Hi, I am encountering excessive local memory allocation problem (I think) inside a device function I am trying to implement. I understand that I should not put too much arrays inside device functions as they will eat up too much memory. What are some techniques to allocate large array variables inside device functions?
Basically, I am trying to use a boolean array with size of 500^2 (shouldn’t be too big, it’s only about 30KB). I am declaring that variable as bool matrix[500*500]; There is a loop that iterates about 2000-4000 times, and storing and accessing each variable happens every iteration. Apparently the device function is throwing the following error:
ptxas error : Entry function ‘_globfunc__Z12fooPiS_PfS0_fS0_S_S’ uses too much local data (0x7d0 bytes + 0x3ebe8 bytes system, 0x4000 max)
If my question is too vague to answer, could you at least help me with some pointers in how to use as many variables as possible inside a device function?
The best thing to do is to post your specific kernel.

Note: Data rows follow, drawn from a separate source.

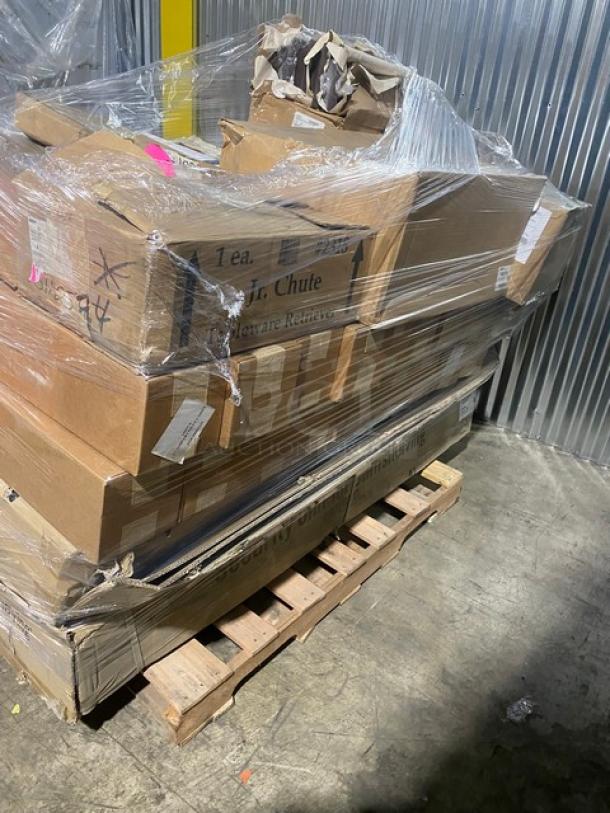 BRAND NEW! Mixed Pallet!  CP Sec Cage Only! 4 Compartment Caddy! Model 08683232! Transparent 59x29x39cm Bowls!  Half Size Long Drop In Pans! Model 08666041! Flatware Retriever! Model 0786423181! Pasta Extruder Die 3mm! Model 10298758! Serving Spoons 7 7/8"! Model M35141! All Stainless Steel Half Size 8 Cup Egg Poacher! Model U17319! Large Bin! With 3 Formed Drawers! Model SBB33F-06! Large Pillow Pack! Model HBCP0037! Steel Vac Stainless Steel Vacuum Insulated Carafe!  Model 08579270! 40 X Your Bid! - Image 2 of 12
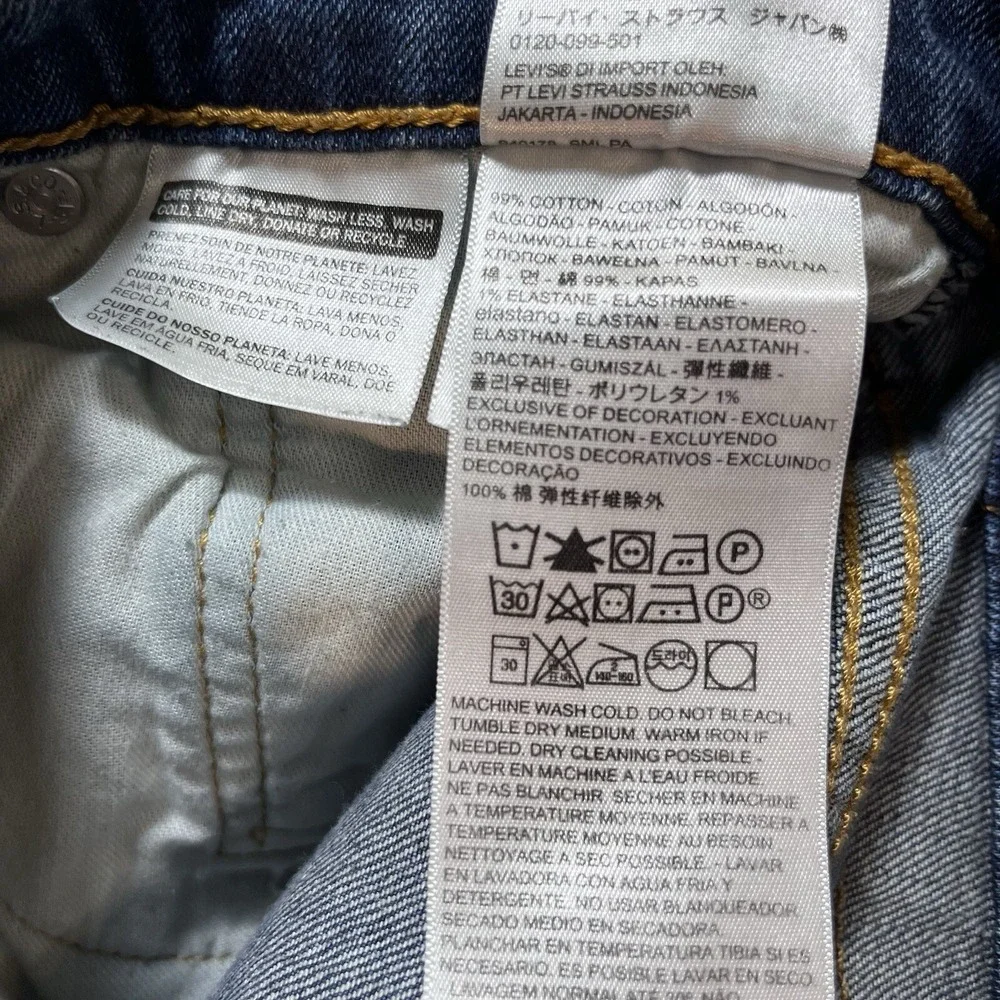 Levis 511 Jeans‎ Mens 29X32 Blue Slim Straight Dark Faded American Denim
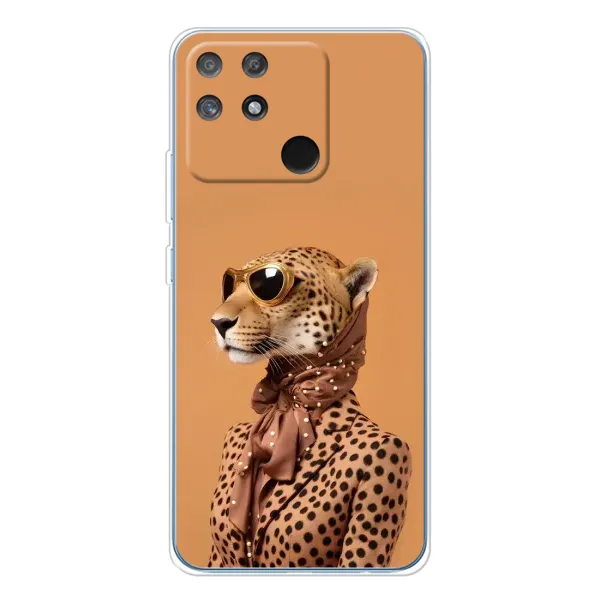 Чехол с принтом «Стильный леопард» для Realme NARZO 80 Lite 4G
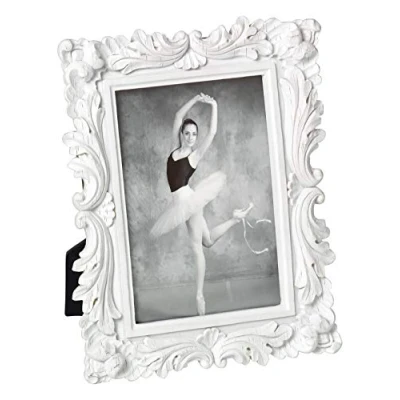 Imagen de walther design QS318W Saint Germain Marco ornamentado 13 x 18 cm, blanco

Then we will be able to reproduce your situation and see where the problem is.
Now back to your problem, a bool is 1 byte (not 1 bit), so if you are using 500x500 booleans, that’s about 250KB of local memory, which is way more than a SP can hold. You’ll be much better off using bit fields instead.
I think you’ll find that your bool array in nowhere near 30KB in size, as you can’t create an array of bits. A 500^2 bool array would have a minimum size of 250KB assuming each bool is represented by a single byte. (Which is exactly what the error says if you interpret the hex) If you want to use arrays larger than a few items, use shared memory, and if the array is larger than 16KB, use global memory.